▽

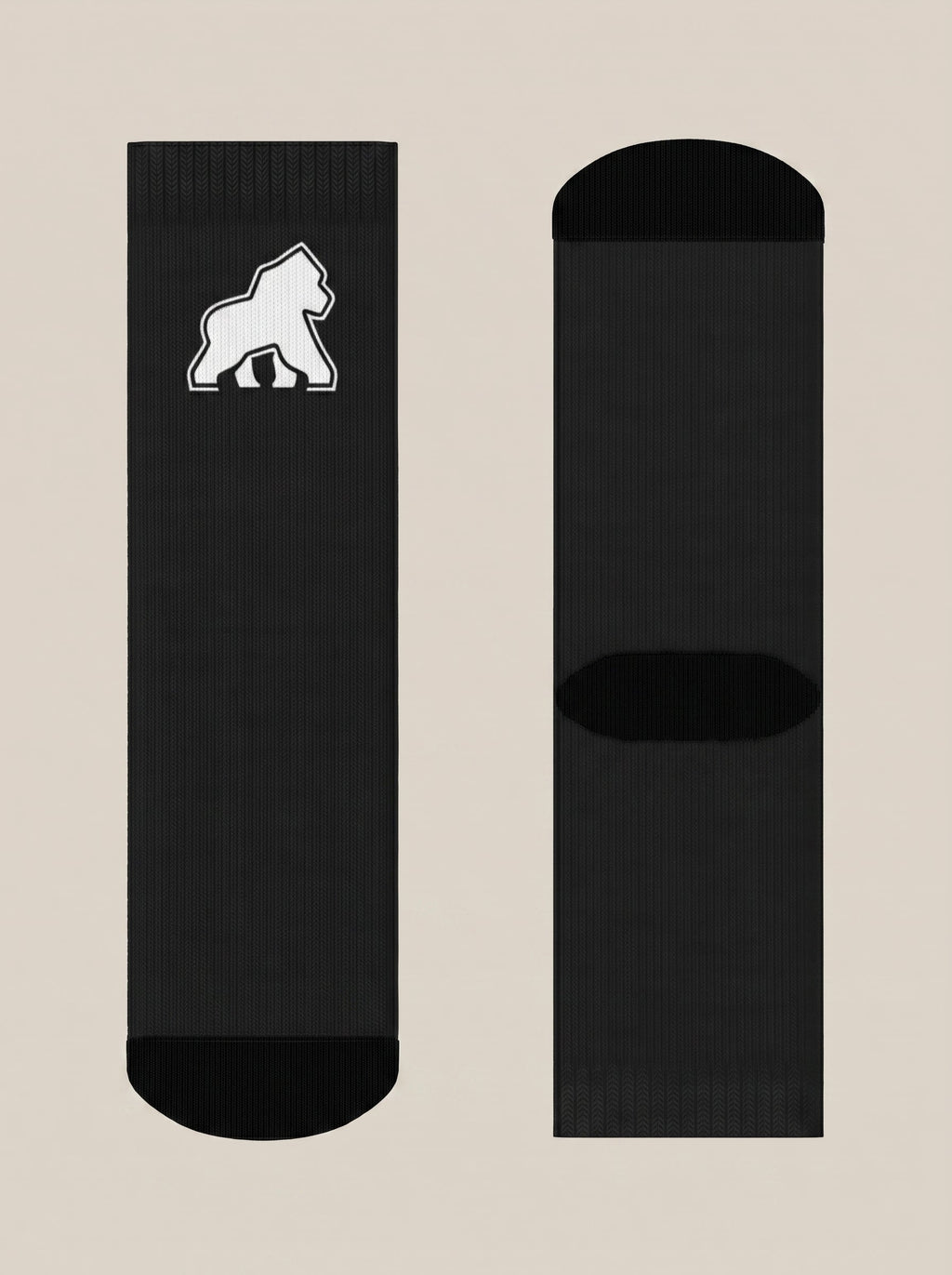 Black FIT APE crew socks laid flat, showing the white gorilla emblem and soles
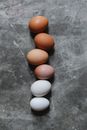 Top view of raw white and brown chicken eggs arranged in row on gray table in kitchen during Easter preparation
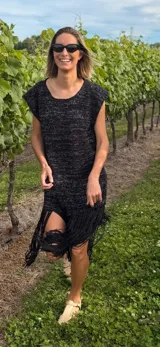 Vestido corto tejido en lurex negro con detalles en blanco, de corte holgado, mangas cortas y flecos en el ruedo.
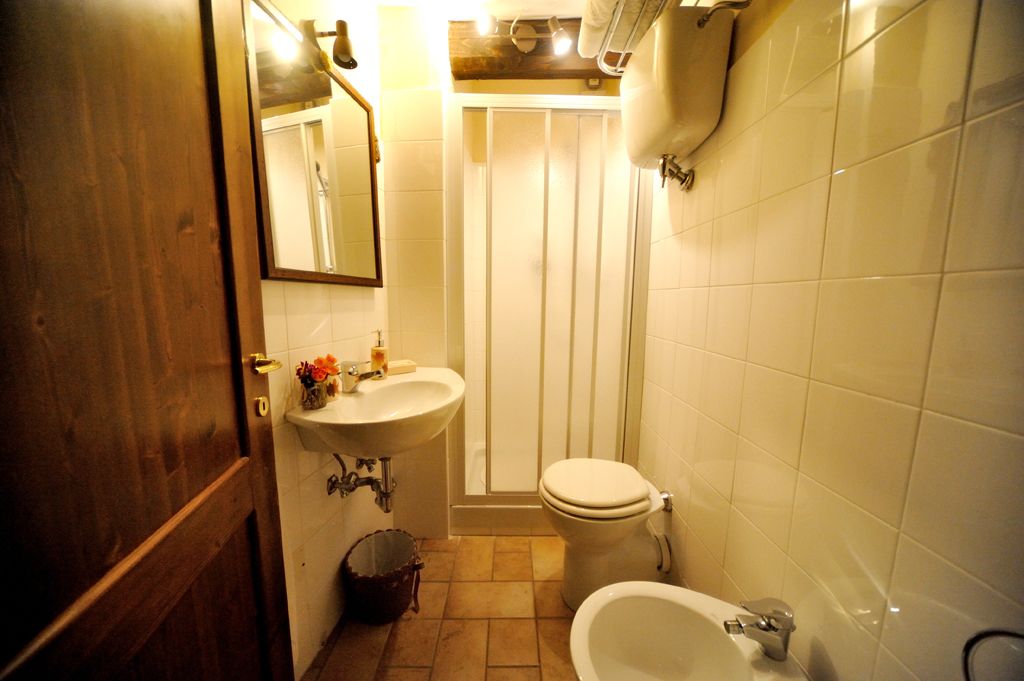 A compact bathroom with a sink, toilet, and bathtub.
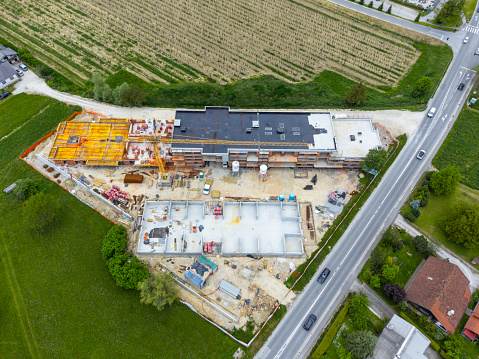 Aerial view of a construction site with machinery and partially completed buildings near a road.
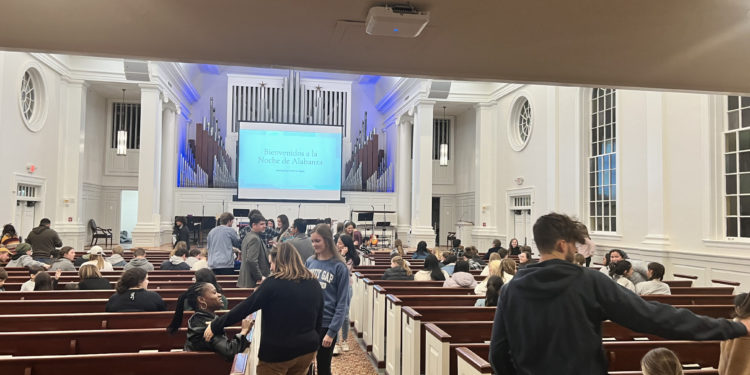 Attendees congregate in Reid Chapel for Spanish Worship Night.
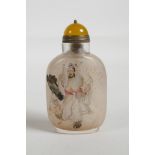 A Chinese reverse decorated glass snuff bottle depicting a wise man and his attendant, character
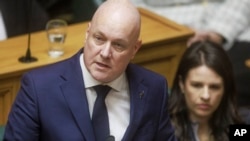 New Zealand's Prime Minister Christopher Luxon makes a "formal and unreserved" apology in Parliament for the abuse, torture and neglect of hundreds of thousands of children and vulnerable adults in care, in Wellington, New Zealand, Nov. 12, 2024.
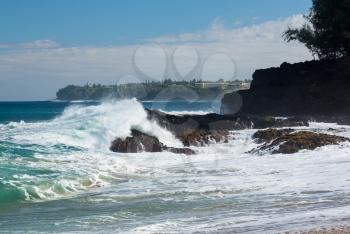 Waves crash onto Lumahai beach with St Regis hotel in background on Kauai Hawaii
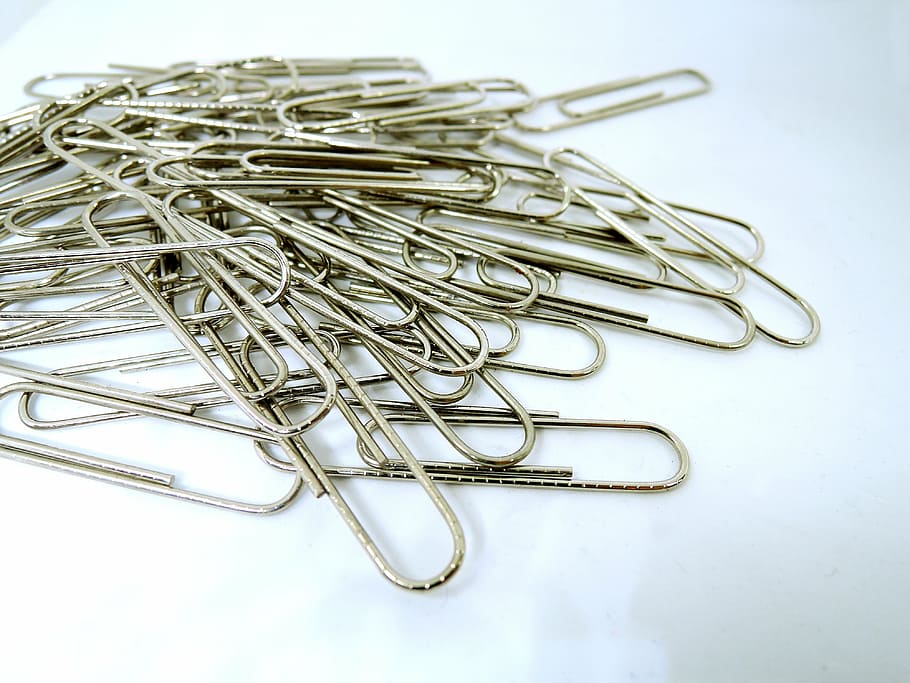 stationery, paperclip, office supplies, metal, still life, paper clip, clip, indoors, close-up, white background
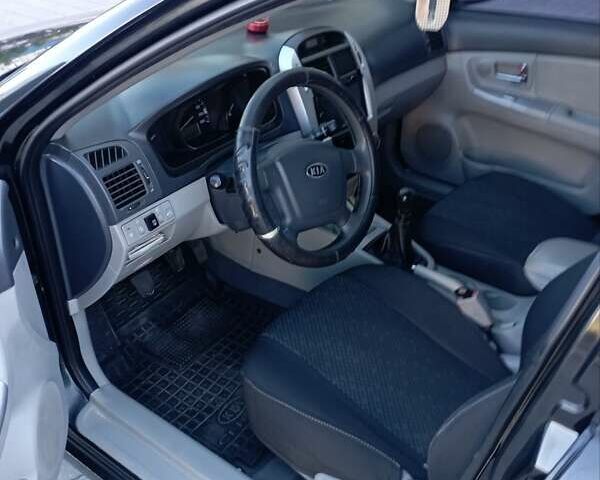 Черный Киа Черато, объемом двигателя 1.59 л и пробегом 166 тыс. км за 4600 $, фото 15 на Automoto.ua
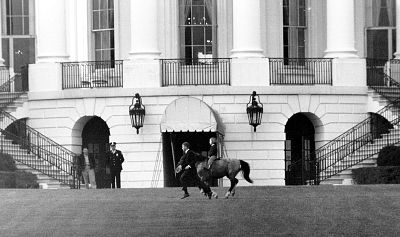 Caroline Kennedy rides her pony, Macaroni, on the south grounds of the White House on March 20, 1962.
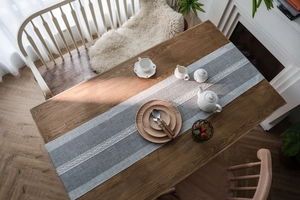 Close-up of blue Nordic table runner with white woven ribbon on wooden table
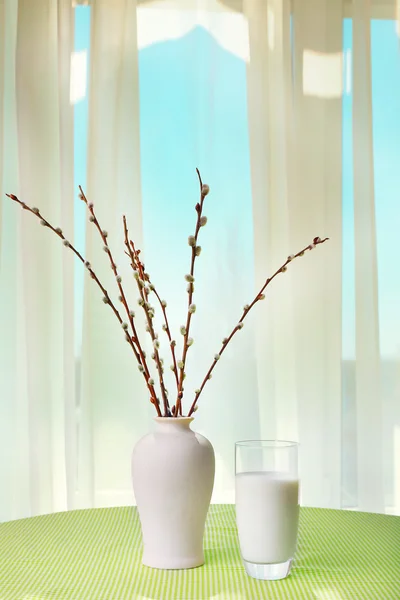 Willow twigs and glass of milk on table on curtains background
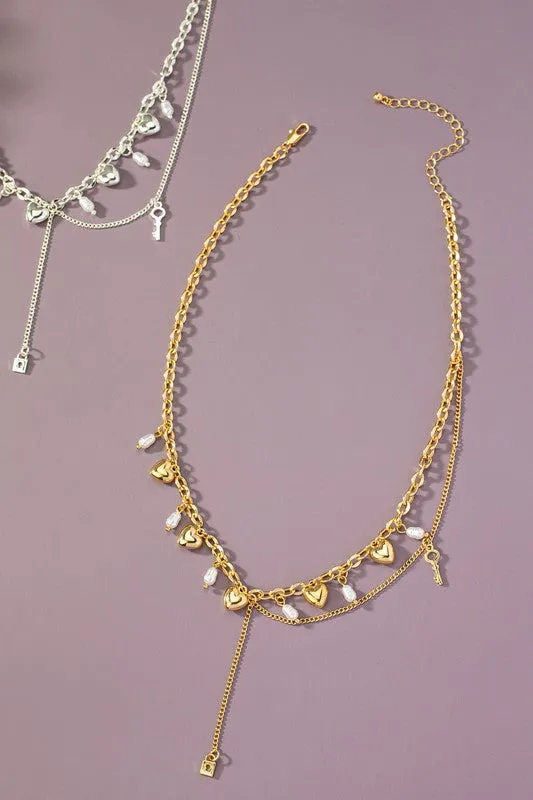 Asymmetric necklace with puffy heart drops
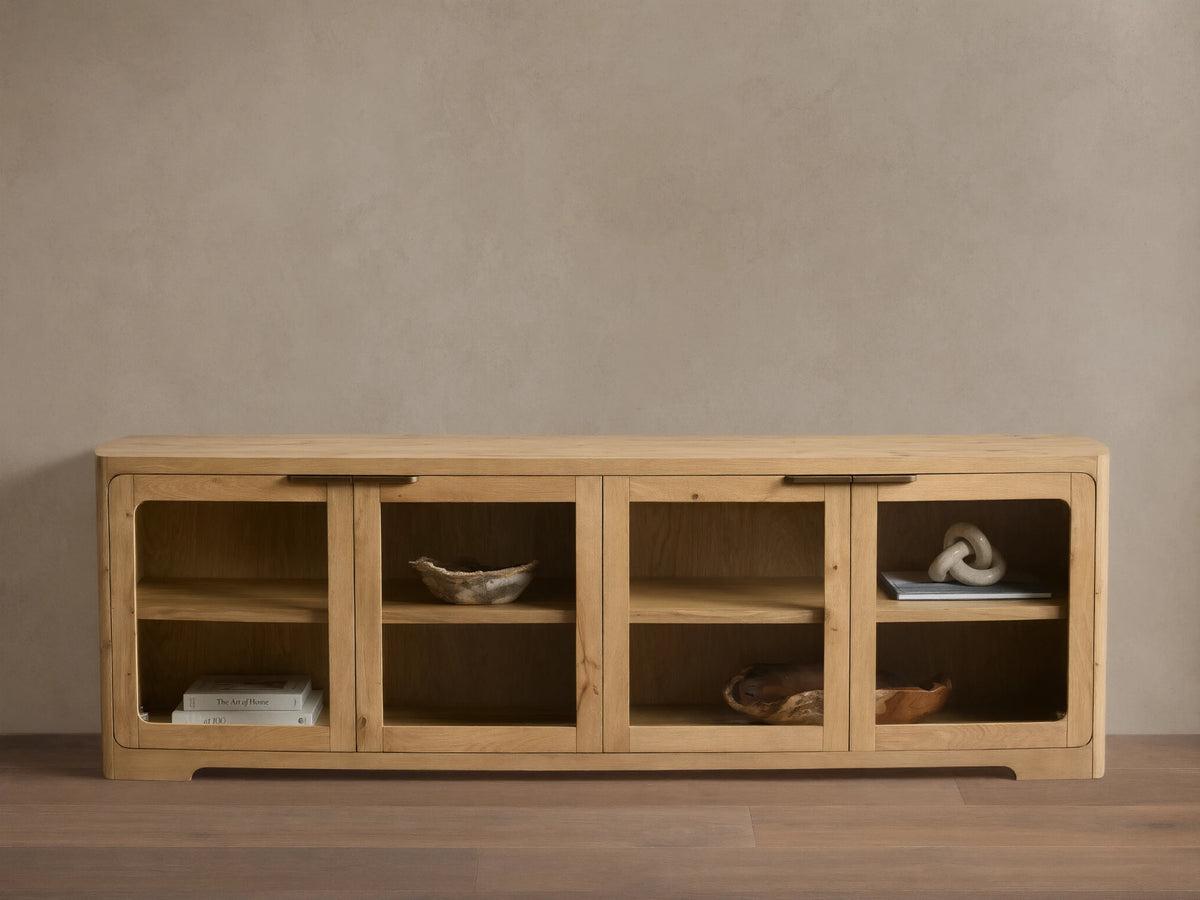 Front view of a light natural wood cabinet with four glass doors, rounded corners, interior shelves, and dark metal handles.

△

What is needed
A word-for-word repeat is expected of the lines from the one with "stationery, paperclip, office" to the end of the data, both included; pictures are not part of it.

Result
 stationery, paperclip, office supplies, metal, still life, paper clip, clip, indoors, close-up, white background
 Черный Киа Черато, объемом двигателя 1.59 л и пробегом 166 тыс. км за 4600 $, фото 15 на Automoto.ua
 Caroline Kennedy rides her pony, Macaroni, on the south grounds of the White House on March 20, 1962.
 Close-up of blue Nordic table runner with white woven ribbon on wooden table
 Willow twigs and glass of milk on table on curtains background
 Asymmetric necklace with puffy heart drops
 Front view of a light natural wood cabinet with four glass doors, rounded corners, interior shelves, and dark metal handles.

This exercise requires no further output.